Continuous Evaluation
As with models (Chapter 25), evaluation is not a one-time gate but an ongoing practice. Agents are fragile to change — adjusting a prompt, swapping a model, or editing a tool can silently break behavior that used to work. Re-run your eval set after every meaningful change to catch these regressions before they reach users. A standing agent eval set is your safety net against the quiet breakage that creeps in as a system evolves.
The Verification Theme, Again
This chapter is the verification spine of the book applied to agents — and for agents the stakes are highest, because they act. A model that is wrong says something incorrect; an agent that is wrong does something incorrect. Before you trust an agent with real actions, you must be able to observe its behavior and evaluate that it behaves correctly. Observability plus evaluation is the verification of agents, and it is what stands between an impressive demo and a system you can responsibly deploy.
Summary
Agents are hard to evaluate because they take many fallible steps, their success depends on the whole trajectory, they are non-deterministic, and they involve tools. Observability — recording each step through tracing — is the foundation, since you cannot fix what you cannot see, and a complete trace turns an opaque agent into a readable story. You evaluate the trajectory, not just the final output, using metrics like success rate, efficiency, tool-use accuracy, and failure analysis, measured against your own eval set of representative tasks. Common failures (loops, wrong tools, ignored observations) reveal themselves in traces, and evaluation must be continuous to catch the regressions that changes introduce. For agents that act, this observe-and-evaluate discipline is the verification that makes them trustworthy.
Seeing and judging an agent's behavior naturally raises the question of keeping it safe. Chapter 45 confronts the safety and security of agents head-on — including prompt injection, the defining threat of systems that act on untrusted information.
Exercises
- 1Explain why agents are harder to evaluate than single model outputs. List at least three reasons specific to the multi-step, tool-using nature of agents.

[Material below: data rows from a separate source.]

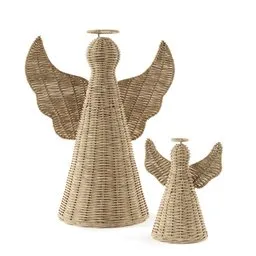 Detailed 3D rattan angel models in two sizes with intricate weave patterns, perfect for Blender 3D holiday scenes.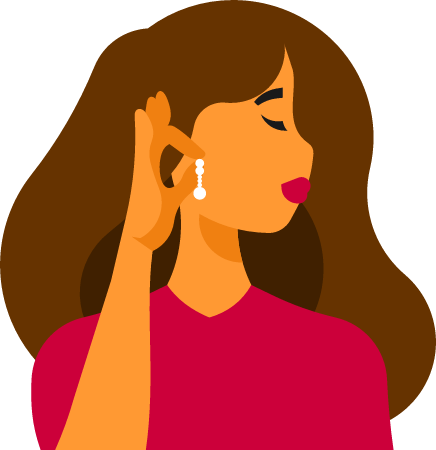 Girl Trying on a New Earring for Style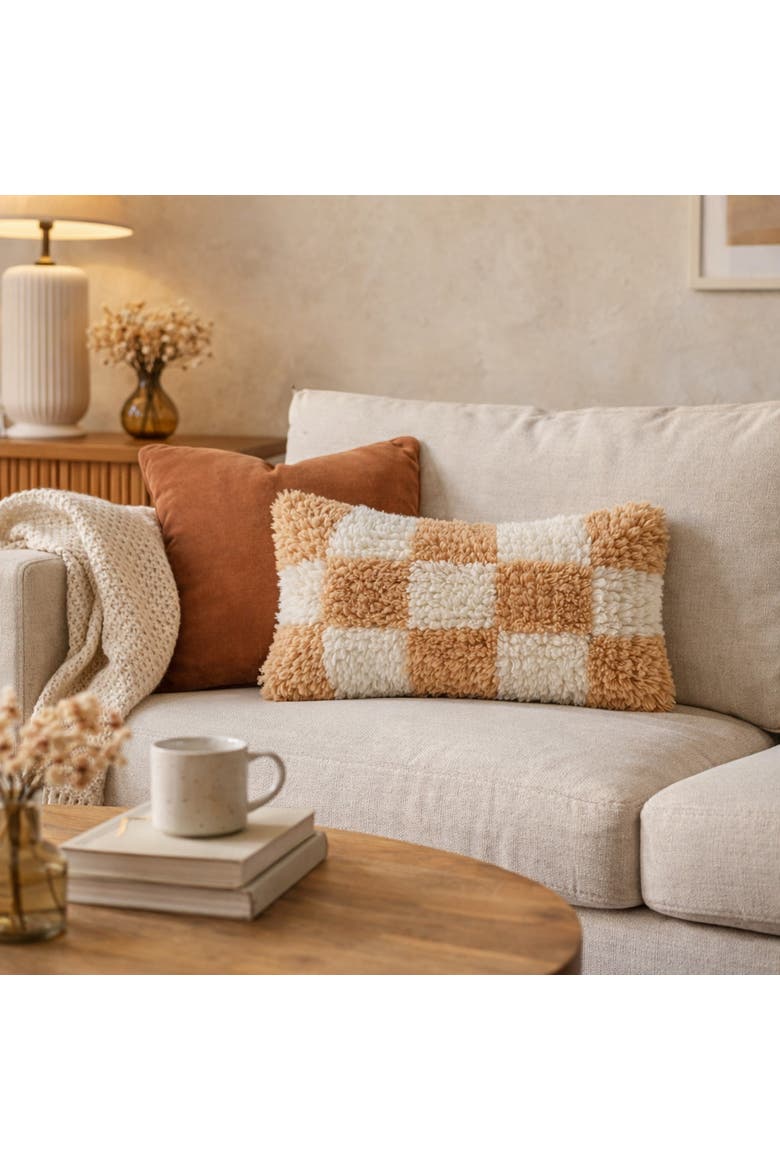 Hand-Woven New Zealand Wool and Cotton Shag Lumbar Pillow with Cotton Back, Cream and Tan, Alternate, color, Multicolor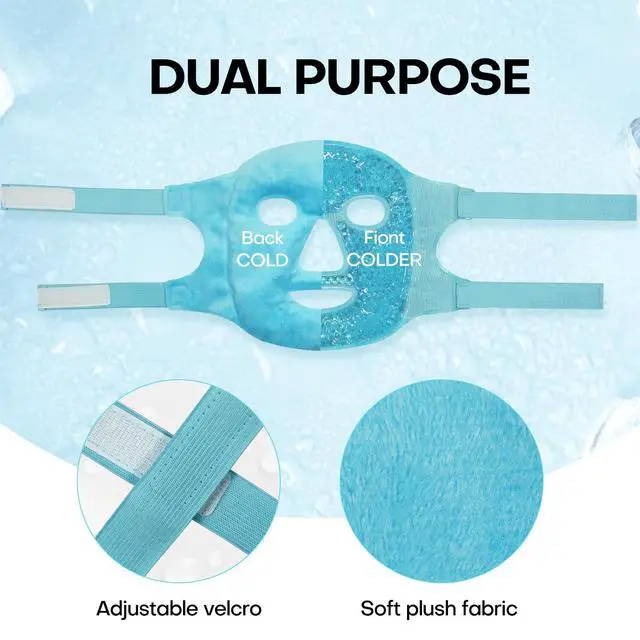 Alt view image 7 of 7 - Cold Face Eye Mask Ice Pack Reduce Facial Puff, Dark Circles, Hot Cold Compress Pack, Face SPA Gift for Woman Sleeping, Pressure, Headaches, Skin Care, Post Laser Cosmetic Care, Reversible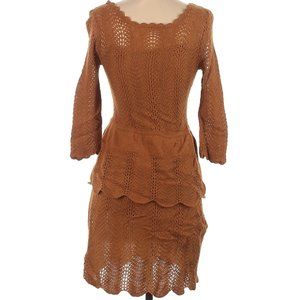 Anthropologie - Knitted & Knotted Crochet Sweater Dress  Mustard Gold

- 2Add step-level tracing to an agent loop and run it on a task. Read the resulting trace and describe, step by step, what the agent did.
- 3Explain the difference between evaluating an agent's final output and evaluating its trajectory. Give an example where the final answer is right but the trajectory is poor.

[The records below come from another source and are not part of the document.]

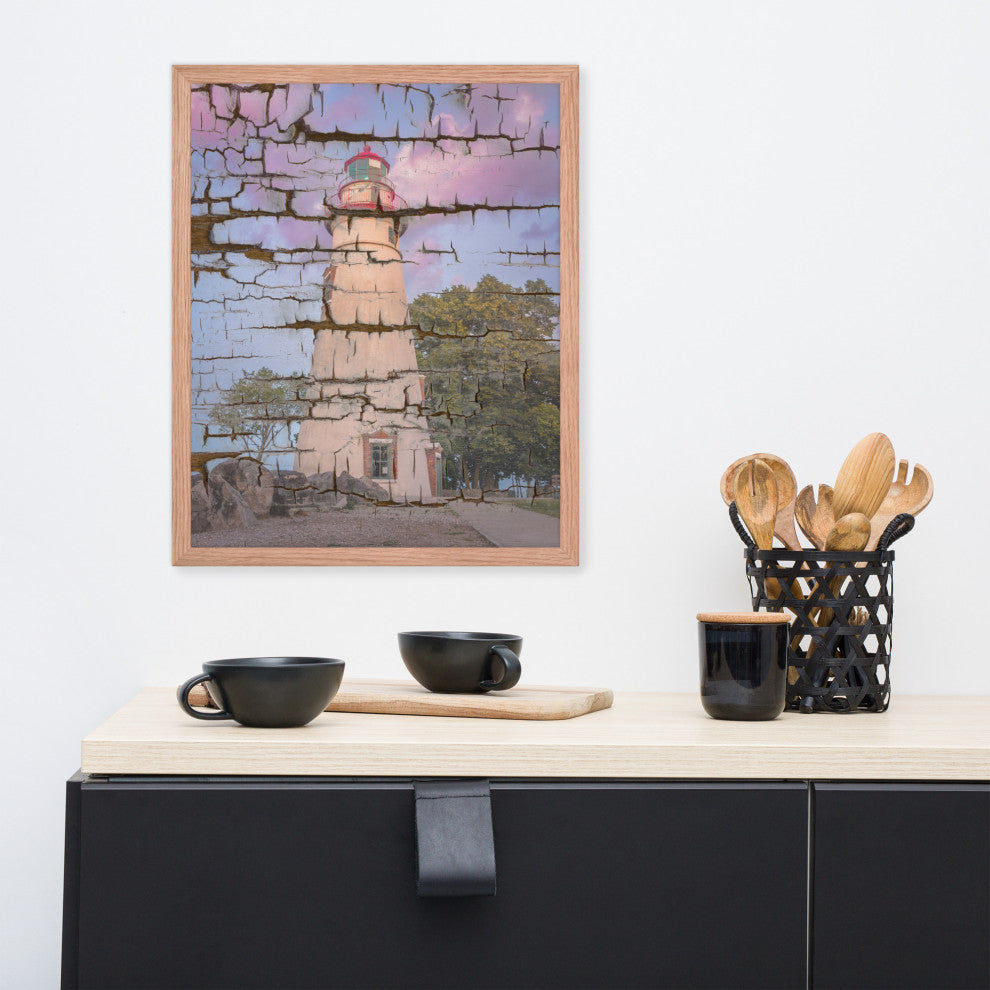Faux Wood Texture Marblehead Lighthouse at Sunset Framed Photo Wall Art Print, Red Oak, 16" X 20"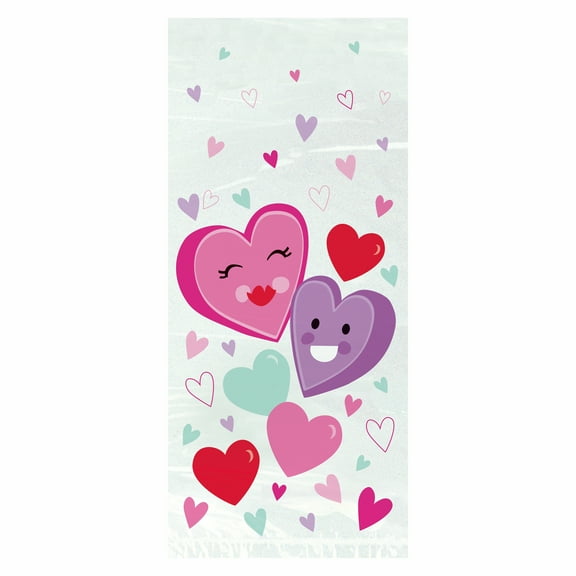 Unique Industries Multi-color Smiling Hearts Valentine's Day Cellophane Party Bags, 20 Count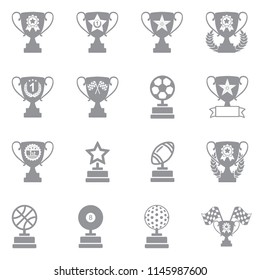 Award Cup And Trophy Icons. Gray Flat Design. Vector Illustration. 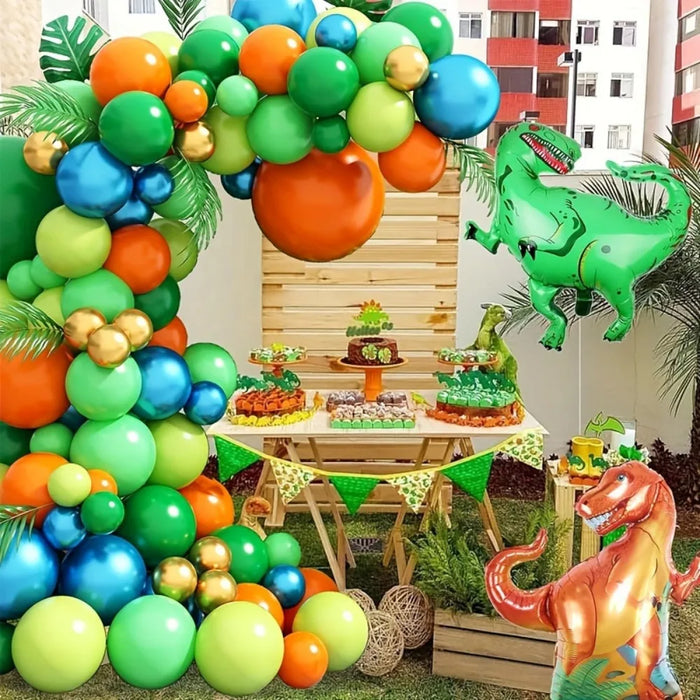 146Pcs Dinosaur Balloon Wreath Set - Birthday And Outdoor Celebration Dinosaur Party Decoration Jungle Theme Party Decoration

- 4Define three metrics for judging whether an agent succeeded, and explain what each one tells you that the others do not.
- 5Build a small agent eval set with at least three tasks, each with a clear success check. Run an agent against it and interpret the results.
- 6Take a trace from a failed agent run (real or imagined) and diagnose the cause using the common-failures list. Explain how the trace revealed the problem.